The sub-test test_24d failed with the following error:
Cannot send HSM request (use of /mnt/lustre2/d0.sanity-hsm/d24/f.sanity-hsm.24d): Read-only file system
:
:
CMD: wtm-27vm3 /usr/sbin/lctl get_param -n mdt.lustre-MDT0000.hsm.actions | awk '/'0x200008101:0x1f:0x0'.*action='ARCHIVE'/ { print $13 }' | cut -f2 -d=
Update not seen after 100s: wanted 'SUCCEED' got 'WAITING'
sanity-hsm test_24d: @@@@@@ FAIL: request on 0x200008101:0x1f:0x0 is not SUCCEED
Info required for matching: sanity-hsm 24d
Hello Jian, humm looks different I think, at least because in all cases you noticed the copytool_log is not present for test_24d !

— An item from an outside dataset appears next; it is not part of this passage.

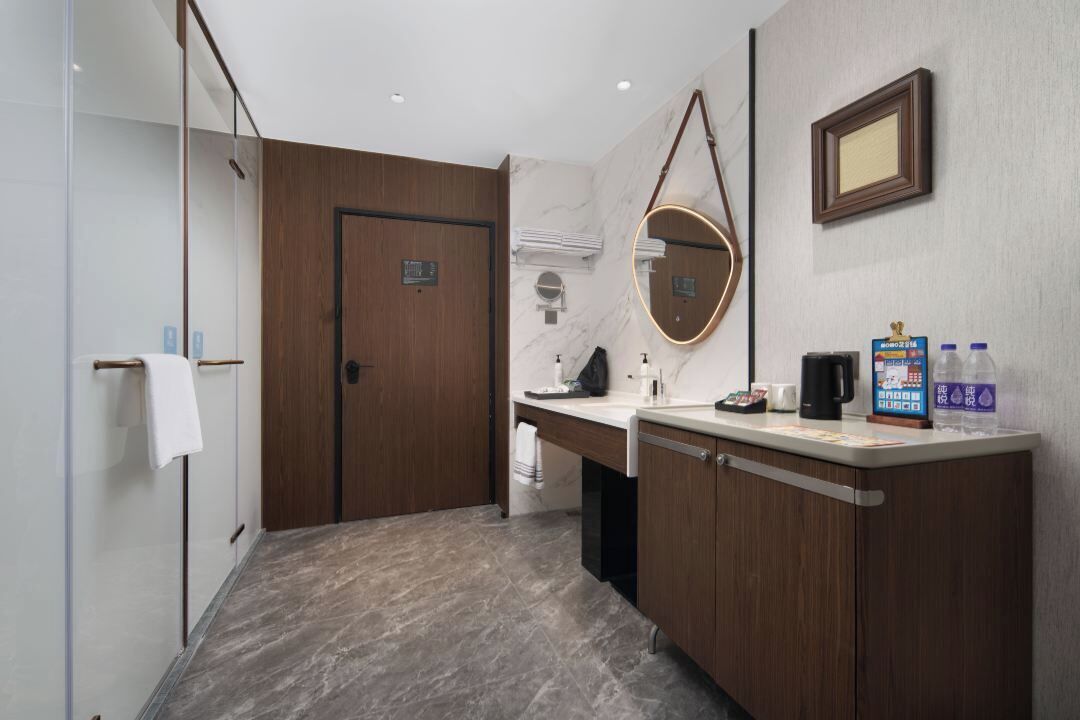 A modern bathroom with a wooden door, a marble wall, a round mirror, and a counter with toiletries.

And if I look precisely into the logs/msgs, "Wakeup copytool agt1 on ..." should not be printed after a successfull copytool_cleanup, from previous sub-test, and copytool_setup, within new sub-test, in sequence because the implied "pkill" command should have fail if no copytool thread from previous sub-test can be found after its stop/kill in copytool_cleanup.
So a possible scenario is that some copytool thread from previous test_24c sub-test must be somewhat stuck and still not terminated at the time test_24d tries to restart copytool ... But finally dies, and in fact we may finally run test_24d with no copytool started !
So this should be addressed in a new ticket, and the fix should be to ensure full death of ALL copytool threads in copytool_cleanup().
If you agree, I will create ticket, assign to myself, add you in watchers list, and push a fix soon.